The required output is the exact text of the lines from the line containing "Ethanone, 1-[(2S,3R)-3-pentyloxiranyl]- (9CI)" through the final line below, inclusive, without pictures.

- **Information provided**:

------

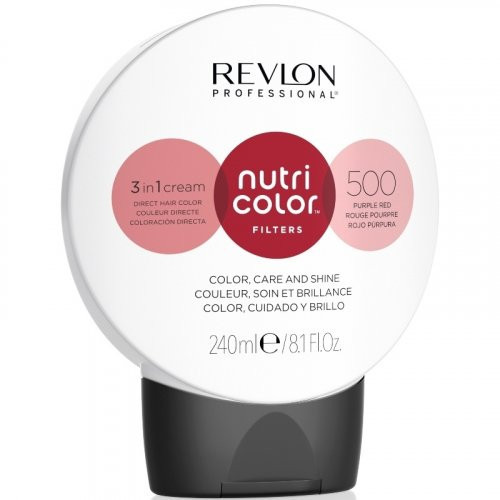 Revlon Professional Nutri Color Filters Kaukės atgaivinti ar paryškinti dažytų plaukų spalvą 240ml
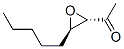 Ethanone, 1-[(2S,3R)-3-pentyloxiranyl]- (9CI) CAS#: 187742-14-9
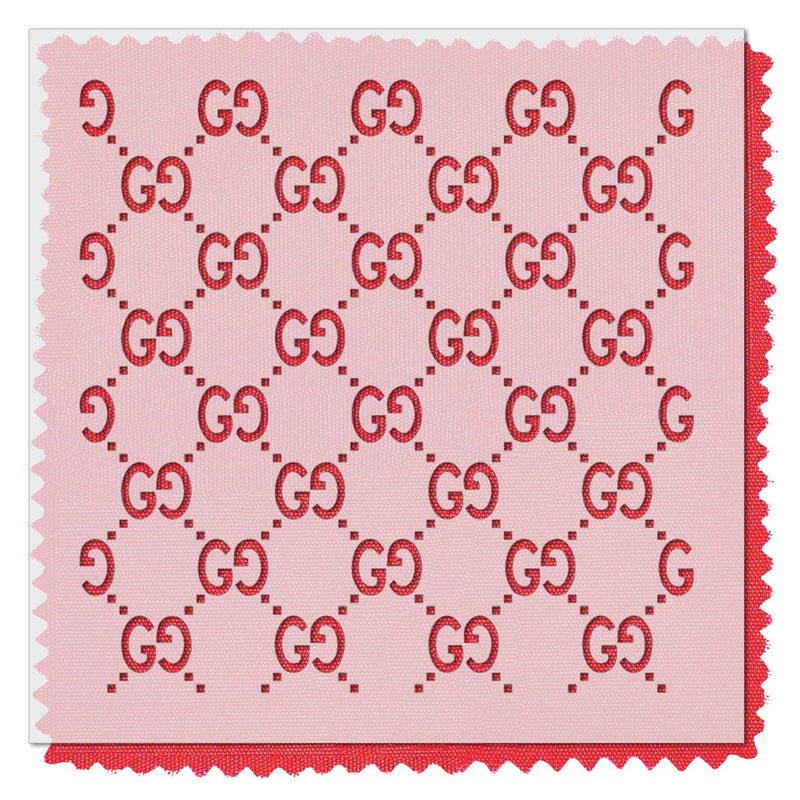 Stencil Stop GG Pattern Stencil â€“ 12 x 12 Inches, Reusable Stencil for Painting on Wood, Walls, Fabric, and Crafts â€“ Durable Plastic for DIY Art & Home Decor - Image 1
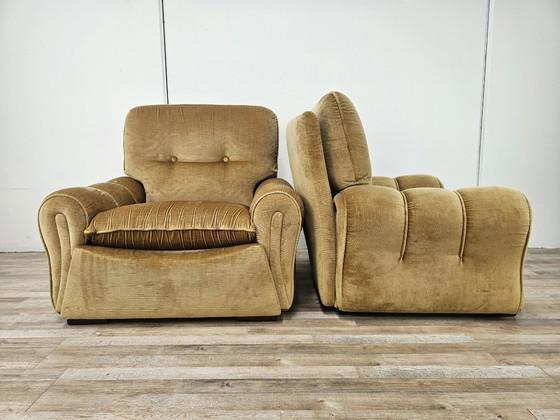 Image 1 of Vintage Italian armchairs from the 1970s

------

- **Exercise result**:
 Ethanone, 1-[(2S,3R)-3-pentyloxiranyl]- (9CI) CAS#: 187742-14-9
 Stencil Stop GG Pattern Stencil â€“ 12 x 12 Inches, Reusable Stencil for Painting on Wood, Walls, Fabric, and Crafts â€“ Durable Plastic for DIY Art & Home Decor - Image 1
 Image 1 of Vintage Italian armchairs from the 1970s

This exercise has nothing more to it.